= WORK INSTRUCTIONS =
When you reach the line with "Staff Sergeant David" in the records below, begin transcribing exactly and continue up to and including the line with "A white security", leaving out every picture.

= INPUT =

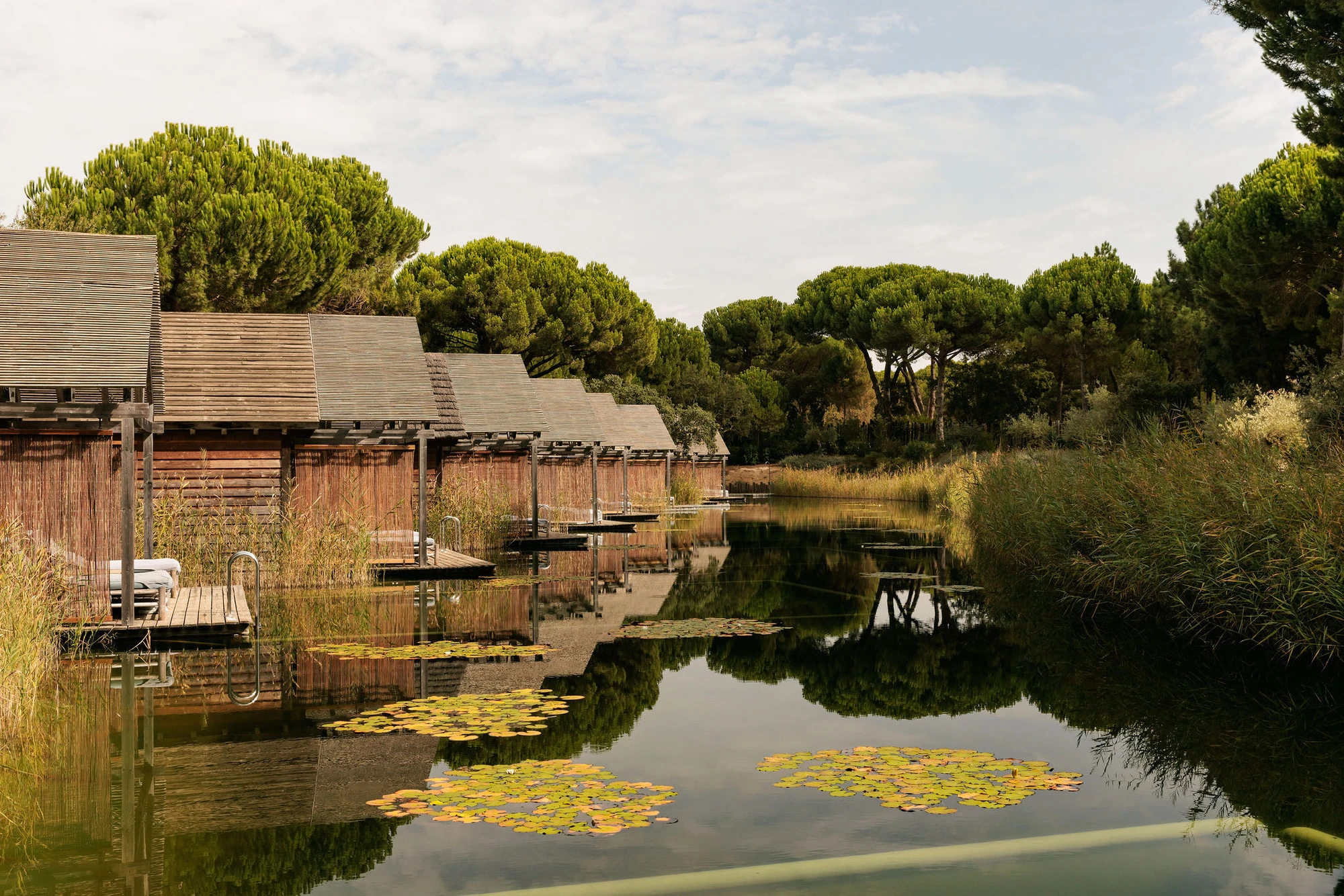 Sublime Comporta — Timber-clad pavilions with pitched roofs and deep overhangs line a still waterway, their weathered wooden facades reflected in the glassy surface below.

...

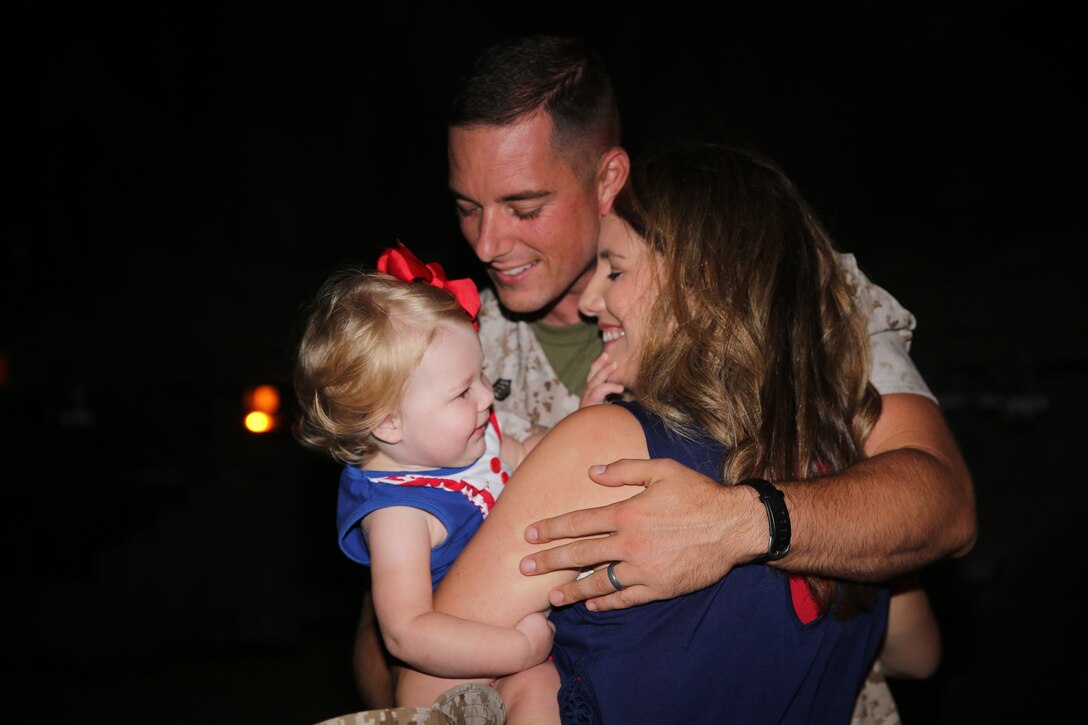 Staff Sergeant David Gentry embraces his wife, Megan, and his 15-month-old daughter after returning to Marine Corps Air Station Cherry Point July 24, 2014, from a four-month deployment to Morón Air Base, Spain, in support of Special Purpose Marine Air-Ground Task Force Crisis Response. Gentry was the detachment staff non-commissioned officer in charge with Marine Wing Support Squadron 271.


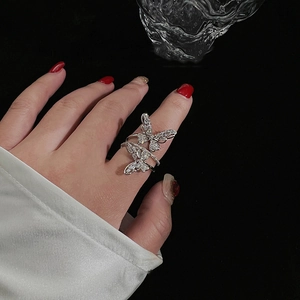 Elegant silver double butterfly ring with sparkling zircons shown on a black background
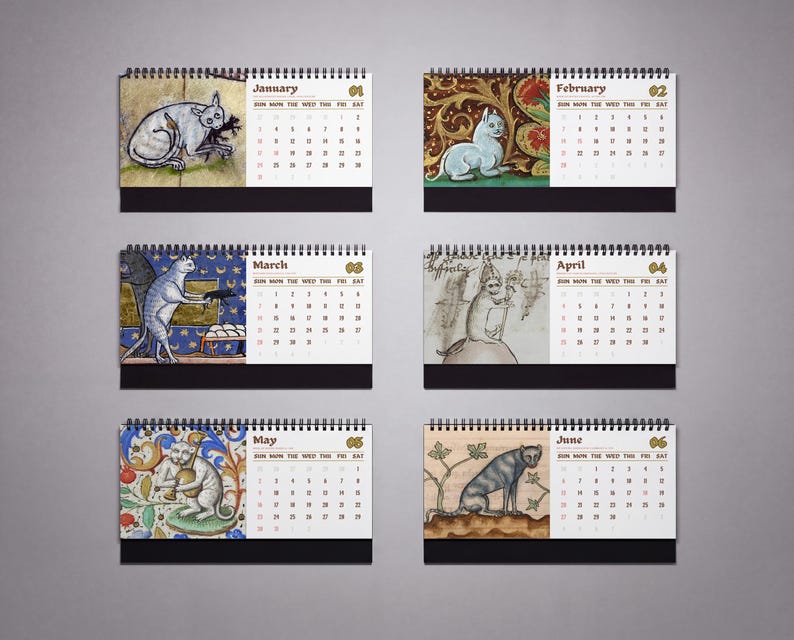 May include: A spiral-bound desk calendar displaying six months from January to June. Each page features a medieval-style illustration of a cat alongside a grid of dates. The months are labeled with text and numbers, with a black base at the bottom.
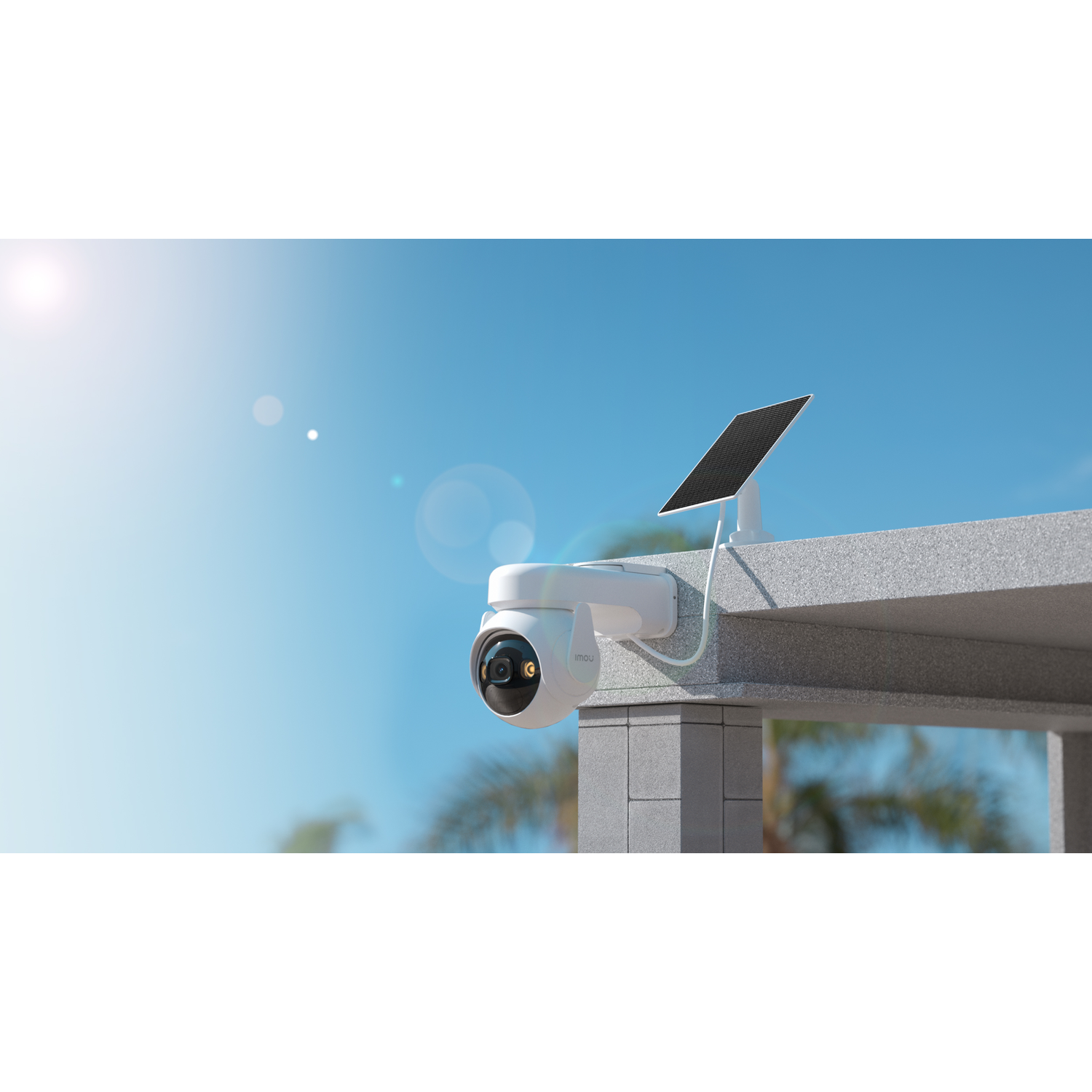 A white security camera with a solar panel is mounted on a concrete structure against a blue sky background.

= RESPONSE TO THIS TASK =
 Staff Sergeant David Gentry embraces his wife, Megan, and his 15-month-old daughter after returning to Marine Corps Air Station Cherry Point July 24, 2014, from a four-month deployment to Morón Air Base, Spain, in support of Special Purpose Marine Air-Ground Task Force Crisis Response. Gentry was the detachment staff non-commissioned officer in charge with Marine Wing Support Squadron 271.


 Elegant silver double butterfly ring with sparkling zircons shown on a black background
 May include: A spiral-bound desk calendar displaying six months from January to June. Each page features a medieval-style illustration of a cat alongside a grid of dates. The months are labeled with text and numbers, with a black base at the bottom.
 A white security camera with a solar panel is mounted on a concrete structure against a blue sky background.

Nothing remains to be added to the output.